Task to complete -> Would you output the entries below only from the line containing "Monogramm des Personalisierten" through the line containing "AllMax Software Logo - Black", exactly as they stand and with both ends included?

Provided records ->
####
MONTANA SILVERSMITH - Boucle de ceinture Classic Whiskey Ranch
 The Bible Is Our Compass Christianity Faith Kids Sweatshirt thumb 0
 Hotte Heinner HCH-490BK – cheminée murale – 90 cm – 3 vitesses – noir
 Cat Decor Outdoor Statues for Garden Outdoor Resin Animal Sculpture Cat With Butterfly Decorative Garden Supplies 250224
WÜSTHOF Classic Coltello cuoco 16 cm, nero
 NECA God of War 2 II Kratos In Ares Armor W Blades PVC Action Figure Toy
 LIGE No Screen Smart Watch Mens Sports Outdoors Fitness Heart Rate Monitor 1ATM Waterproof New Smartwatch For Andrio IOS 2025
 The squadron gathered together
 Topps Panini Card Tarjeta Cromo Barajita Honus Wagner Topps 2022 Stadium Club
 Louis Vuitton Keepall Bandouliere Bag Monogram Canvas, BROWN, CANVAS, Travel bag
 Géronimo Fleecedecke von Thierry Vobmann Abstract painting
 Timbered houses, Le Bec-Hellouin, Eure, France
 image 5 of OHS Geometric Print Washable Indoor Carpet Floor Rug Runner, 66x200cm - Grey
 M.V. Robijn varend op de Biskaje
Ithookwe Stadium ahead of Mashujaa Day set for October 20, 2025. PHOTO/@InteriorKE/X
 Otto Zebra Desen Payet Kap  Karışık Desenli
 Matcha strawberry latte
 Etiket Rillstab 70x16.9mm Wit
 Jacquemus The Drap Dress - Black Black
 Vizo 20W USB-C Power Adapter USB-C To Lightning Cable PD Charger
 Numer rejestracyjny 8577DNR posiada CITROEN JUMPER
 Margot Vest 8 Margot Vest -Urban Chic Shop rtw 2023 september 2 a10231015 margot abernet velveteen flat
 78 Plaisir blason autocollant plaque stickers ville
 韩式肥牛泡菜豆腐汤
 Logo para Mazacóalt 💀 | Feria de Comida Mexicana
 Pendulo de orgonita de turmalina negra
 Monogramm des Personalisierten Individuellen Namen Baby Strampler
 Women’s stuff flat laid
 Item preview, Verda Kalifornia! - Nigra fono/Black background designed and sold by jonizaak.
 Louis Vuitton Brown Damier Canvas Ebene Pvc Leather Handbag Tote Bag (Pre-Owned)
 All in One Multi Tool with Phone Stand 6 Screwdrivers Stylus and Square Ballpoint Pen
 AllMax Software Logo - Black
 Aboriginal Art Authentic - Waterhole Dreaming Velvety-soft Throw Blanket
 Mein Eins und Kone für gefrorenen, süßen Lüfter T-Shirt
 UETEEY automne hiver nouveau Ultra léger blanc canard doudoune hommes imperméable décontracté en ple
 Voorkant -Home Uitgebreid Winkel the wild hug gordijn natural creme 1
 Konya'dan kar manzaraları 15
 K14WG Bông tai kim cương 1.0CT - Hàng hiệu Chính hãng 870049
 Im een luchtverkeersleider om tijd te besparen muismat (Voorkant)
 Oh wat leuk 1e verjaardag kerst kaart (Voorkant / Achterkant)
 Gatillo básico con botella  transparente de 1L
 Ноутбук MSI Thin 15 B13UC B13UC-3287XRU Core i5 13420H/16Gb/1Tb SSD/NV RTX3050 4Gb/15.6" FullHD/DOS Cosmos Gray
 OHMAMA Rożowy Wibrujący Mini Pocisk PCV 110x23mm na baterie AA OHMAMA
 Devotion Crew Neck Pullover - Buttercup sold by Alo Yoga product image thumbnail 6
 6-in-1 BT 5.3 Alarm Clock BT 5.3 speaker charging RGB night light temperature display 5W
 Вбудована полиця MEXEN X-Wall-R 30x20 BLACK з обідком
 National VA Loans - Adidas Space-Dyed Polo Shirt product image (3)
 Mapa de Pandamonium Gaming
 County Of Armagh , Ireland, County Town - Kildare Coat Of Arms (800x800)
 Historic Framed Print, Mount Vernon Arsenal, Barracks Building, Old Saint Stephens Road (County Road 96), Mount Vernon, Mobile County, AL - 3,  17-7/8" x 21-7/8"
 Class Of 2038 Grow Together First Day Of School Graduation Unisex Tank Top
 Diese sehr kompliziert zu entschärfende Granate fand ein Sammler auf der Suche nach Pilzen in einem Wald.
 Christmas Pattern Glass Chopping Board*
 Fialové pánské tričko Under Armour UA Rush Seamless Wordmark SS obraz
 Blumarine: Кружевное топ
####
Answer to this exercise ->
 Monogramm des Personalisierten Individuellen Namen Baby Strampler
 Women’s stuff flat laid
 Item preview, Verda Kalifornia! - Nigra fono/Black background designed and sold by jonizaak.
 Louis Vuitton Brown Damier Canvas Ebene Pvc Leather Handbag Tote Bag (Pre-Owned)
 All in One Multi Tool with Phone Stand 6 Screwdrivers Stylus and Square Ballpoint Pen
 AllMax Software Logo - Black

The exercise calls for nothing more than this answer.